Clone the repo with --recursive
flag to get Kokkos repo as well:
git clone --recursive https://github.com/hokkanen/bessel.git
The code can be conditionally compiled for either CUDA, HIP, Kokkos, SYCL or HOST execution with or without MPI. The HOST implementation can also be further offloaded to GPUs by OpenMP. The correct definitions for each accelerator backend options are selected in arch_api.h by choosing the respective header file. Some compilation combinations are shown below, but also other combinations are possible (see the next section for SYCL).
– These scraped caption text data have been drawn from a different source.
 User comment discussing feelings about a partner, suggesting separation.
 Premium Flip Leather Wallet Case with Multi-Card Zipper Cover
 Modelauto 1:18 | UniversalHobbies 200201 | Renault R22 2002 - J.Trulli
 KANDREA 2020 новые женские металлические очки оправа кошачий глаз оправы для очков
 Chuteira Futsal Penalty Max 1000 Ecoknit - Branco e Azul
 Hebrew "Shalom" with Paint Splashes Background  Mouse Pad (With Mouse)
// Compile to run sequentially on CPU
make
// Compile to run parallel on CPUs with OpenMPI
make MPI=OMPI (or MPI=CRAY)
// Compile to run parallel on CPU with KOKKOS (OpenMP)
make KOKKOS=HOST
// Compile to run parallel on GPU with OpenMP offloading (NVIDIA GPUs)
make OMP=CUDA
// Compile to run parallel on GPU with CUDA
make CUDA=1
// Compile to run parallel on GPU with HIP (NVIDIA GPUs)
make HIP=CUDA
// Compile to run parallel on GPU with HIP (AMD GPUs)
make HIP=ROCM
// Compile to run parallel on many GPUs with OpenACC and OpenMPI (NVIDIA GPUs)
make ACC=CUDA MPI=OMPI
// Compile to run parallel on many GPUs with KOKKOS and Cray MPI
make KOKKOS=ROCM MPI=CRAY
Moreover, the cpp
branch supports Matplotplusplus library for presenting the results in graphical form, and the c
branch has an example implementation for Umpire memory manager for CUDA and HIP backends. The compilaton for these can be enabled by MATPLOT=1
and UMPIRE=1
. For example,
// Compile to run parallel on many GPUs with KOKKOS, Cray MPI, and Matplotplusplus (AMD GPUs)
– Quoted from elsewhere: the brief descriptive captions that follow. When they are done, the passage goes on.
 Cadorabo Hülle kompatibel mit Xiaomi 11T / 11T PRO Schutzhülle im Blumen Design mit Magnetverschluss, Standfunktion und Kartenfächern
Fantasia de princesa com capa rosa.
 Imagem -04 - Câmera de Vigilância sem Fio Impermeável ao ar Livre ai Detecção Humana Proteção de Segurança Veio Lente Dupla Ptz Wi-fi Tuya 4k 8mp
make KOKKOS=ROCM MPI=CRAY MATPLOT=1
Compiling with SYCL backend requires installing a compiler that supports SYCL. The Makefile has been configured for Intel OneAPI icpx
compiler. If compiling for AMD or NVIDIA GPUs, Codeplay extensions are needed as well (CUDA/ROCM). After installation, load the OneAPI compiler environment by
. /path/oneapi/setvars.sh --include-intel-llvm
If everything went successfully, compiling with SYCL backend should now work by:
// Compile to run parallel on CPU with SYCL
make SYCL=HOST
// Compile to run parallel on GPU with SYCL (NVIDIA GPUs)
make SYCL=CUDA
// Compile to run parallel on GPU with SYCL (AMD GPUs)
make SYCL=ROCM
Umpire can be installed with CUDA (HIP) support by
git clone --recursive https://github.com/LLNL/Umpire.git
cd Umpire && mkdir build && cd build
cmake .. -DCMAKE_INSTALL_PREFIX=/path/umpire -DUMPIRE_ENABLE_C=On -DENABLE_CUDA=On
# cmake .. -DCMAKE_INSTALL_PREFIX=/path/umpire -DUMPIRE_ENABLE_C=On -DENABLE_HIP=On -DCMAKE_CXX_COMPILER=hipcc
make install
The executable can be run using 4 MPI processes with slurm by:
srun ./bessel 4
Bessel settings
#define N_ITER 1000000
#define N_POPU 10000
#define N_SAMPLE 50
MAHTI GPU node
GPU parallel (CUDA): 127[ms]
GPU parallel (Kokkos): 187[ms]
GPU parallel (SYCL): 59[ms]
GPU parallel (OpenACC): 236[ms]
GPU parallel (OpenMP): 237[ms]
CPU parallel (Kokkos): 2494[ms]
CPU sequential (Kokkos): 287944[ms]
LUMI GPU node
GPU parallel (HIP): 312[ms]
GPU parallel (Kokkos): 297[ms]
GPU parallel (SYCL): 136[ms]
GPU parallel (OpenACC): No OpenACC compiler support on Lumi
GPU parallel (OpenMP): No OpenMP offloading support for hiprand_kernel.h
CPU parallel (Kokkos): 5419[ms]
CPU sequential (Kokkos): 242730[ms]
All cases were tested using the cpp
branch with a single MPI process. The cpp
branch initializes curand once per population, whereas c
branch does that for each member of the population (creating a potential performance difference). GPU timings were achieved by first doing salloc
and then running with srun
multiple times to avoid any potential first run overhead.